» **Exercise**
Leave every picture out. Set down all the lines below exactly.

» **Material provided**
- - - -

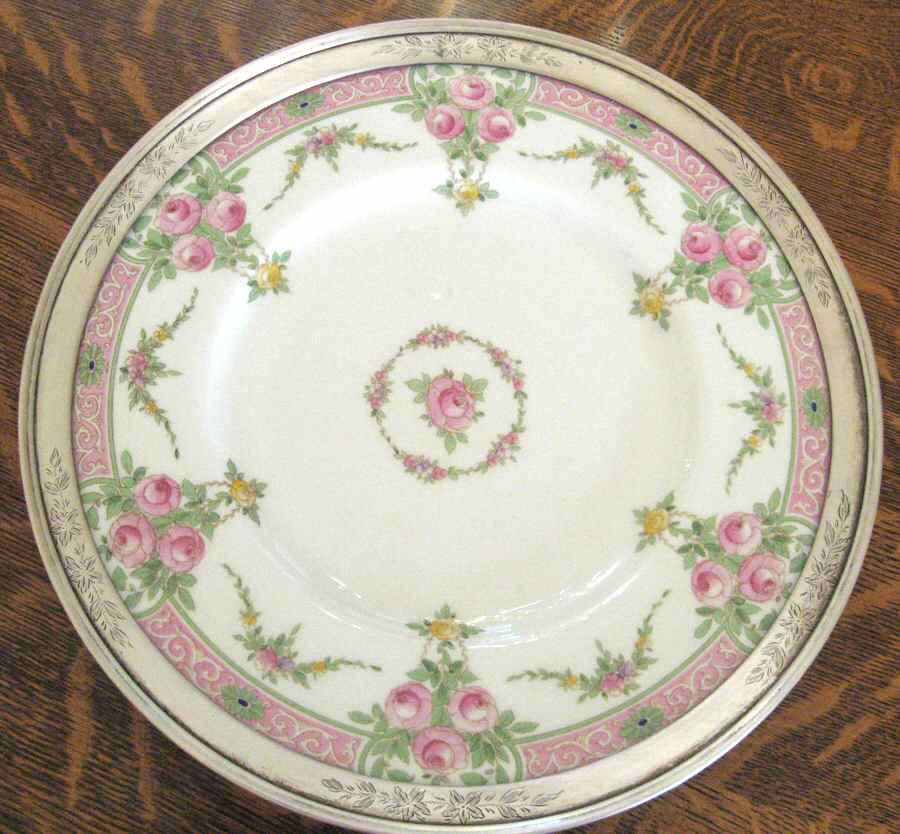 C7111 Dinner Plate by Royal Worcester-1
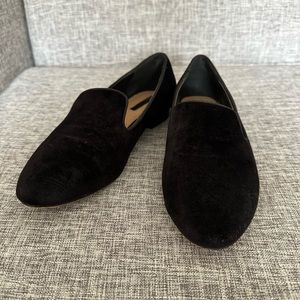 Tahari Frankie Women's Black Loafer Size 6 1/2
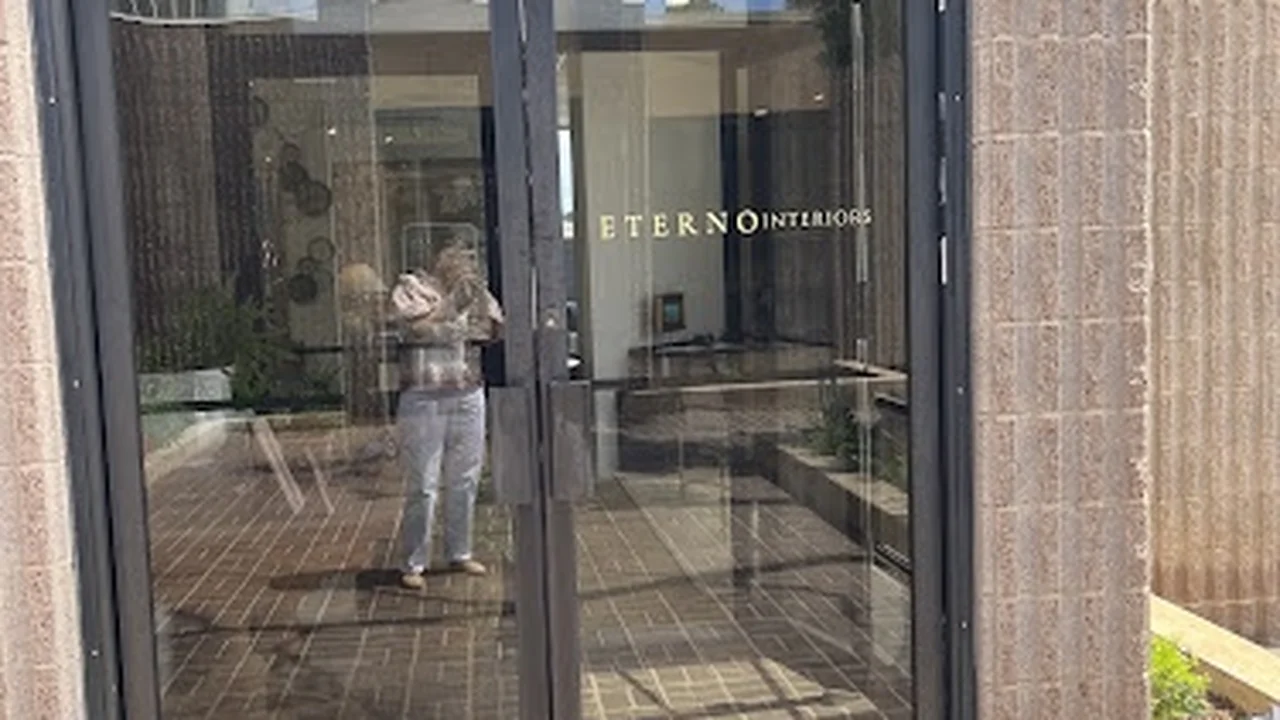 Consignment store in Midland, Texas: Eterno Interiors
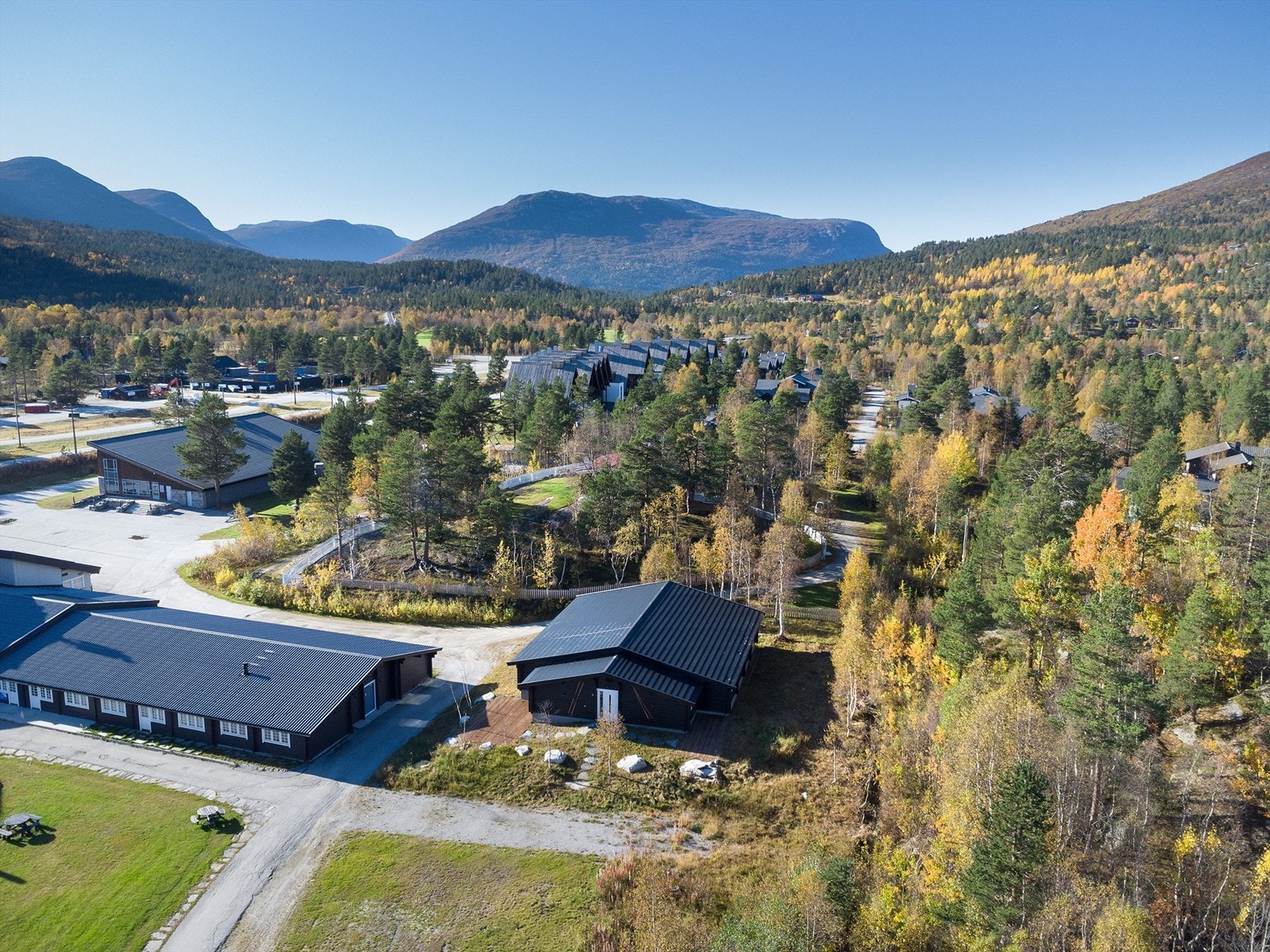 Dronebilde av hytten og nærområdet Galleribilde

- - - -

» **Answer to this problem**
 C7111 Dinner Plate by Royal Worcester-1
 Tahari Frankie Women's Black Loafer Size 6 1/2
 Consignment store in Midland, Texas: Eterno Interiors
 Dronebilde av hytten og nærområdet Galleribilde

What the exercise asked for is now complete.